**TASK BRIEF**
Set each entry down verbatim, omitting images.

[Captioned web images]

BEGIN

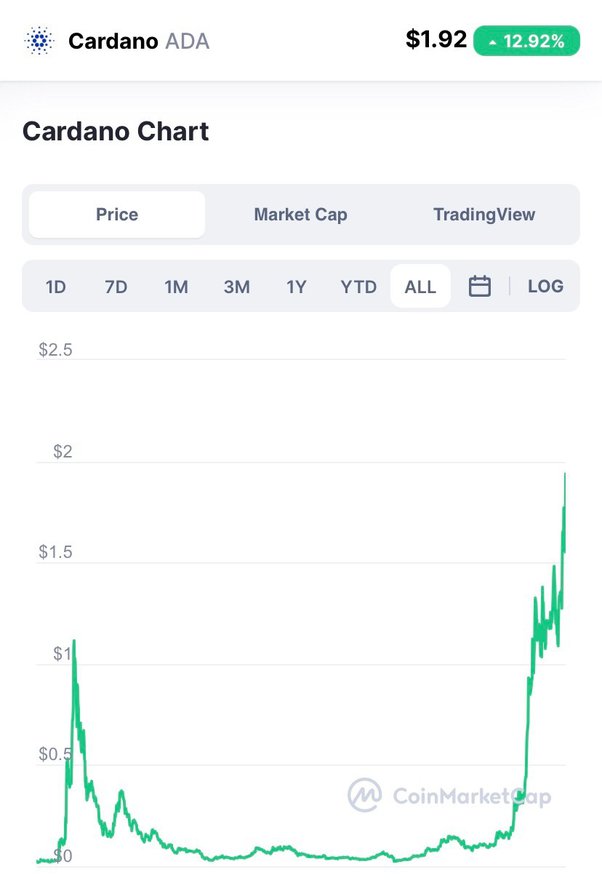 Can Cardano reach ? - Gem stock of the Day - Quora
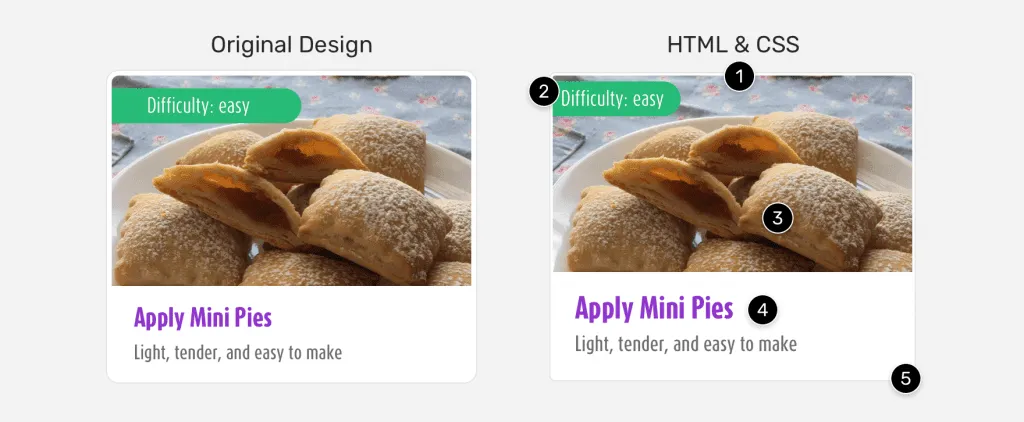 Comparação de implementação de componente card com seu planejamento visual.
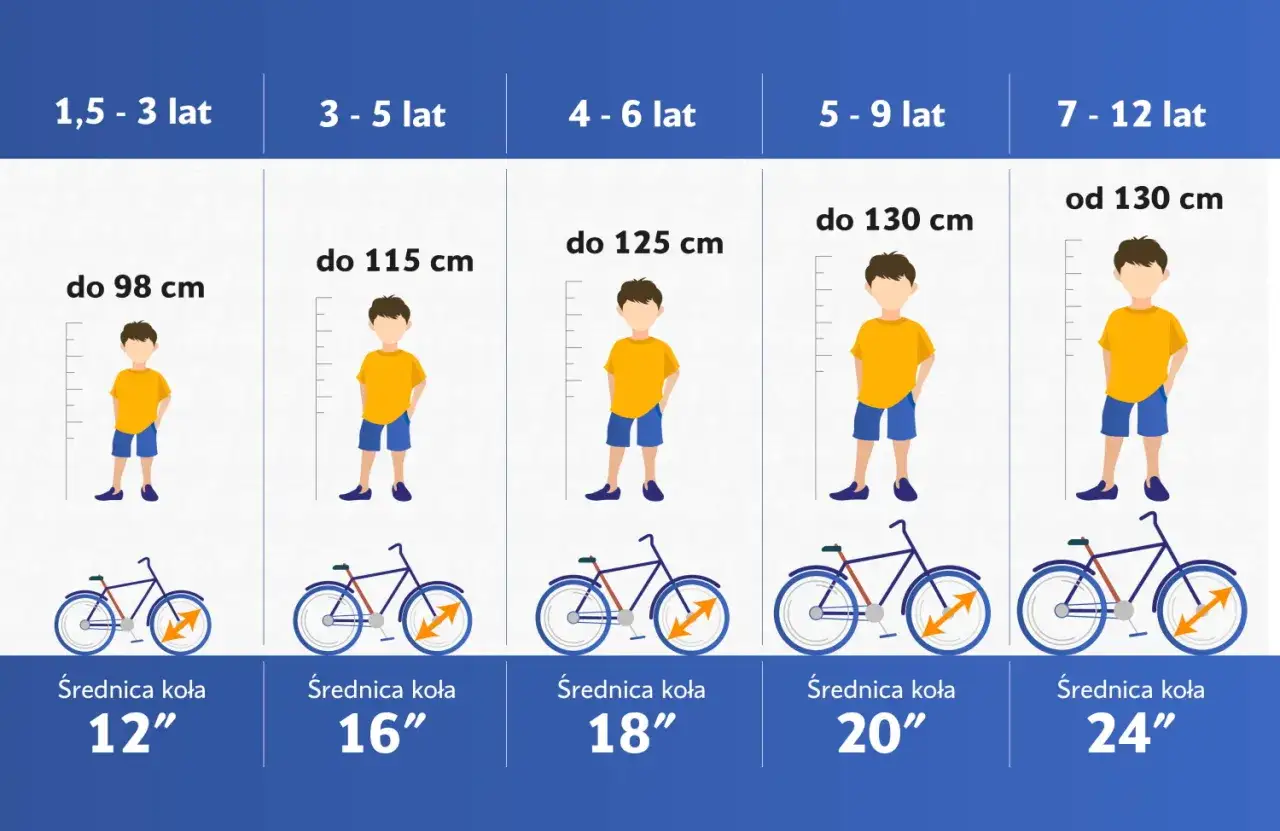 Jaki rozmiar kół roweru dla dorosłych? Dopasuj idealnie!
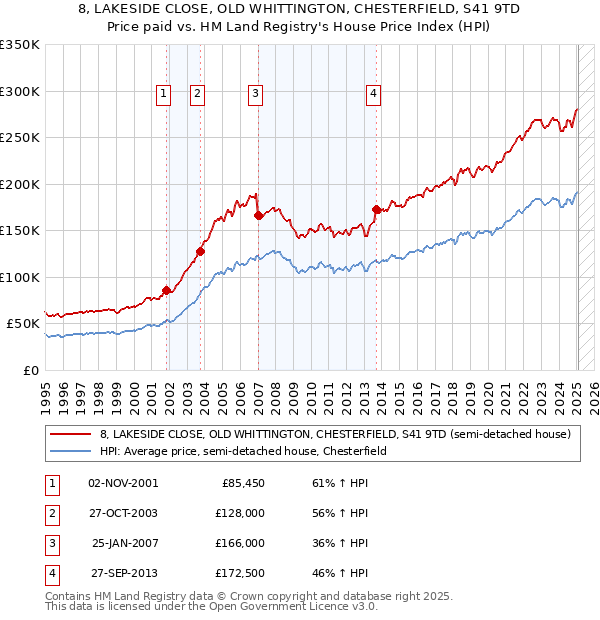 8, LAKESIDE CLOSE, OLD WHITTINGTON, CHESTERFIELD, S41 9TD: Price paid vs HM Land Registry's House Price Index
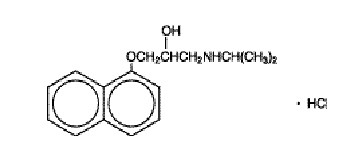 Propranolol Hydrochloride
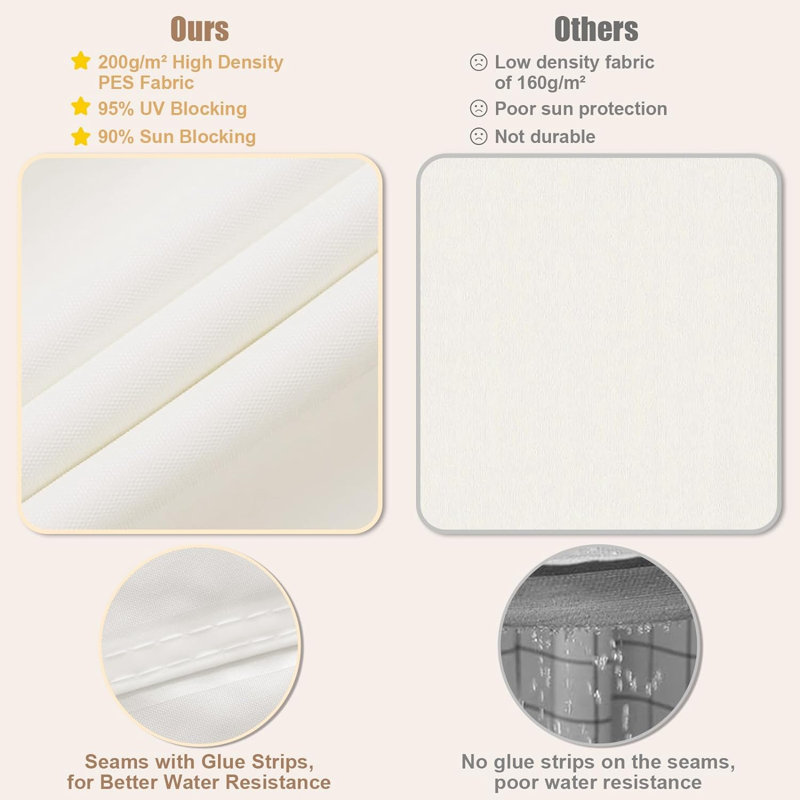 Briuna 3m x 3m Square Shade Sail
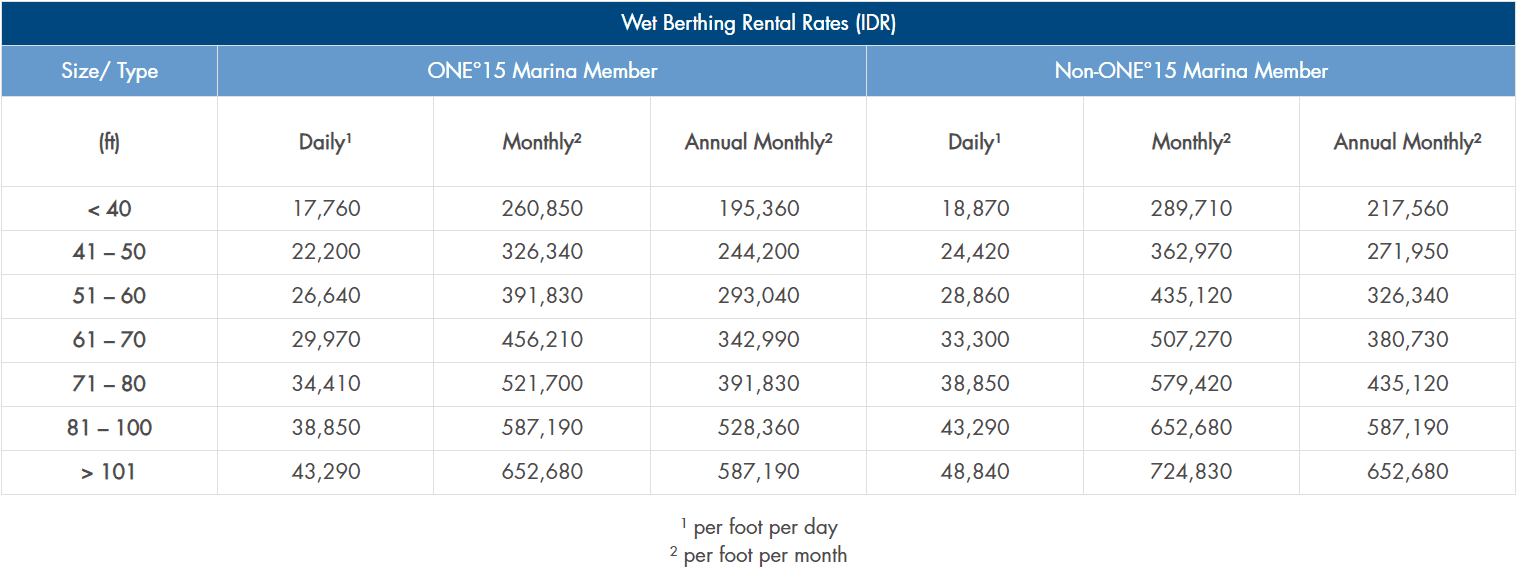 Nirup Island wet berthing rates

END

**EXERCISE RESPONSE**
 Can Cardano reach ? - Gem stock of the Day - Quora
 Comparação de implementação de componente card com seu planejamento visual.
 Jaki rozmiar kół roweru dla dorosłych? Dopasuj idealnie!
 8, LAKESIDE CLOSE, OLD WHITTINGTON, CHESTERFIELD, S41 9TD: Price paid vs HM Land Registry's House Price Index
 Propranolol Hydrochloride
 Briuna 3m x 3m Square Shade Sail
 Nirup Island wet berthing rates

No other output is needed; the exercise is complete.